Monday, September 3rd, 2012

Earlier today I watched a segment on the Today show about the current effort by retailers to provide plus sizing for girls at most ages (including toddlerhood). The question: is this labeling the wrong way to go? 

Look, it’s clear that there are a variety of body types at all ages for girls. There is, also, the current obesity epidemic in this country that is requiring that more and more girls need larger sizes. So providing size choices at all ages – in stores and online – makes sense. Retailers are there to sell clothes, and kids (and parents) don’t want to be restricted in terms of what styles they can choose from.

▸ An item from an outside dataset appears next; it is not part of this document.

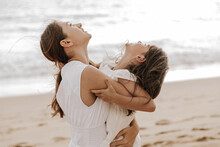 Loving Mother Embracing Cute Daughter On Sandy Seashore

But from my vantage point, do we need to use the phrase “Plus Sizes”? To me, it sounds like the fashion equivalent of doing a bad job of “mainstreaming” – you’re just like all of the  ”normal” girls, except that you are a “plus size.” Do we need a “Too Skinny” section too?

I get that the retailers want to be sure that parents know that there is a concerted effort going on to be sure any girl can select from any style in most stores. But couldn’t a marketing campaign simply state that there is a full range of sizes available? I think most parents are comfortable sorting through either numeric sizing or abbreviations. I wonder if retailers like Sears consulted with developmental experts – rather than just marketing professionals – who might have helped them craft a better message. Yes, I’m guessing that retailers don’t really think through the deeper issues for kids, and focus myopically on target audiences and sales potential, even though a more suitable balance could be achieved.

If you saw the segment on the Today show, you heard an articulate 11-year-old (who purchases “plus size” clothes) who seems much wiser than the retailers these days. (If you didn’t catch it, check the Today show website and see if it is posted there). She said that she likes being able to go to the mainstream stores and be able to buy what all the other girls can buy (which wasn’t always the case). She also suggested that stores can simply rely on sizing and not the “plus size” labeling. And she plans to launch her own line of fashion someday that avoids unnecessary, and potentially undermining, labeling. I hope she does!